You may have noticed that some exchanges have temporarily suspended withdrawals and wondering what’s going on or more importantly, what’s being done about it. You can be rest assured that we have identified the issue and are collectively and collaboratively working on a solution.
Somebody (or several somebodies) is taking advantage of the transaction malleability issue and relaying mutated versions of transactions. This is exposing bugs in both the reference implementation and some exchange’s software.
We (core dev team, developers at the exchanges, and even big mining pools) are creating workarounds and fixes right now. This is a denial-of-service attack; whoever is doing this is not stealing coins, but is succeeding in preventing some transactions from confirming. It’s important to note that DoS attacks do not affect people’s bitcoin wallets or funds.

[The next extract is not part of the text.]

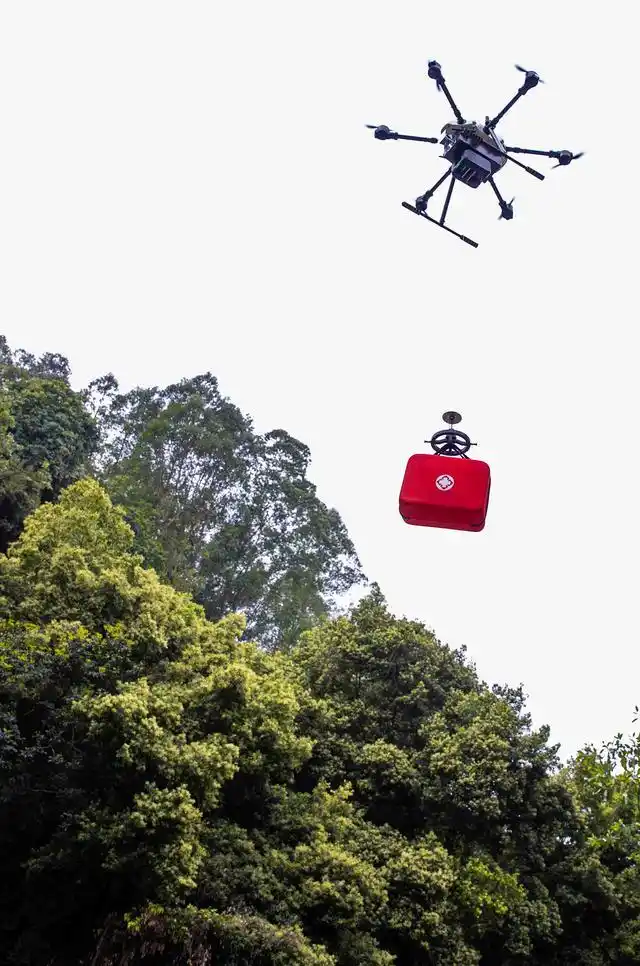 Шэньчжэнь ?бес минутты? ??т?ару ше?бер?н? ?зарту ?ш?н AED жабды?тарымен жабды?тал?ан дронды ?ске ?осты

Users of the reference implementation who are bitten by this bug may see their bitcoins “tied up” in unconfirmed transactions; we need to update the software to fix that bug, so when they upgrade those coins are returned to the wallet and are available to spend again. Only users who make multiple transactions in a short period of time will be affected.
As a result, exchanges are temporarily suspending withdrawals to protect customer funds and prevent funds from being misdirected.
Thanks for your patience.
As a reminder, Andersen previously explained:
Transaction malleability has been known about since 2011. In simplest of terms, it is a small window where transaction ID’s can be “renamed” before being confirmed in the blockchain. This is something that cannot be corrected overnight. Therefore, any company dealing with Bitcoin transactions and have coded their own wallet software should responsibly prepare for this possibility and include in their software a way to validate transaction ID’s. Otherwise, it can result in Bitcoin loss and headache for everyone involved.
Bitcoin is no longer in Phase 1 of its evolutionary cycle. I believe Phase 2 for Bitcoin began in earnest back in November 2013, when the Senate Committee on Homeland Security and Governmental Affairs held its first hearings on the topic. Those hearings made it clear that, at least for the moment, no significant roadblocks would be put in place to prevent people from transacting with one another using the crypto-currency. Phase 2 also saw the largest Bitcoin investment to-date, a $25 million infusion led by Silicon Valley VC firm Andreessen Horowitz, as well as acceptance by major U.S. retailers, with Overstock being the most significant. Bitcoin is becoming serious, and serious means serious accountability.
As a free market currency, the market will decide the products required to keep the Bitcoin protocol open and functioning to its highest potential.